◆ **Extracted records**
Start of Block
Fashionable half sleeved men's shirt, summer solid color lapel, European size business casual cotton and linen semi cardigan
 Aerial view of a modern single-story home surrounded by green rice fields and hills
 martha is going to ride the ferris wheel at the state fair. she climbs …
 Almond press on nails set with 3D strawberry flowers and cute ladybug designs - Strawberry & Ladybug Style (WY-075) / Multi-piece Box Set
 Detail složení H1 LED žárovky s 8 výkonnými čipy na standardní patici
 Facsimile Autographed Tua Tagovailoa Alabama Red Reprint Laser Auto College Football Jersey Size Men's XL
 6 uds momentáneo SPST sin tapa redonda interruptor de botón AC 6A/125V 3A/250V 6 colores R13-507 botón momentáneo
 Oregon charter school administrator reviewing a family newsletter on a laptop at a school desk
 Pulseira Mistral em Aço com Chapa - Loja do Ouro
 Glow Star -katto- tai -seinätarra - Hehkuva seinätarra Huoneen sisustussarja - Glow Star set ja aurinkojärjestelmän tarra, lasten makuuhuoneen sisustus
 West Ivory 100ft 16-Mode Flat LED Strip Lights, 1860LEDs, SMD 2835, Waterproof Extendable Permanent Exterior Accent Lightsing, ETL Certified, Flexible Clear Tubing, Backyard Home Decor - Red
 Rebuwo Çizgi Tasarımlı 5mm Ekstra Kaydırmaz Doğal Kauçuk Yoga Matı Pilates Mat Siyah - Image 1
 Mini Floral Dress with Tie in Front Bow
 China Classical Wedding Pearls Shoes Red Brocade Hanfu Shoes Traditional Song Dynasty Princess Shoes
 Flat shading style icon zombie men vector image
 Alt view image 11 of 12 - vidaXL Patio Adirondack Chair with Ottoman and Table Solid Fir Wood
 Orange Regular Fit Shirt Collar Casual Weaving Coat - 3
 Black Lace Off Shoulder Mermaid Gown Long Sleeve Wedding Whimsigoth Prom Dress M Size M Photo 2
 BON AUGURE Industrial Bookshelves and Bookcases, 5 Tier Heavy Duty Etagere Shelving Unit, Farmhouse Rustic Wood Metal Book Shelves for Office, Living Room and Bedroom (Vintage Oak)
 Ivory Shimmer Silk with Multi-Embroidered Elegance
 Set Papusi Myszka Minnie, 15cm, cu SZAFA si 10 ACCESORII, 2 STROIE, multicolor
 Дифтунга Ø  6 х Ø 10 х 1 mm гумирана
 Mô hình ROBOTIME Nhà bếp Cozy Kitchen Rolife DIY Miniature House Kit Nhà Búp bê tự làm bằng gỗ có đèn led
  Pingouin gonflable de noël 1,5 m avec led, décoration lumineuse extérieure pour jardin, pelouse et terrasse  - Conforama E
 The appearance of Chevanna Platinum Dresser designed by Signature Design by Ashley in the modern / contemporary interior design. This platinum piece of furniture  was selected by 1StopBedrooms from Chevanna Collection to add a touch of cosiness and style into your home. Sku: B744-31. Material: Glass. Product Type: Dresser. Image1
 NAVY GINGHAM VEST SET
End of Block
◆ **What to do**
Write out each line above that contains the word "piece".

◆ **Problem solution**
 Almond press on nails set with 3D strawberry flowers and cute ladybug designs - Strawberry & Ladybug Style (WY-075) / Multi-piece Box Set
 The appearance of Chevanna Platinum Dresser designed by Signature Design by Ashley in the modern / contemporary interior design. This platinum piece of furniture  was selected by 1StopBedrooms from Chevanna Collection to add a touch of cosiness and style into your home. Sku: B744-31. Material: Glass. Product Type: Dresser. Image1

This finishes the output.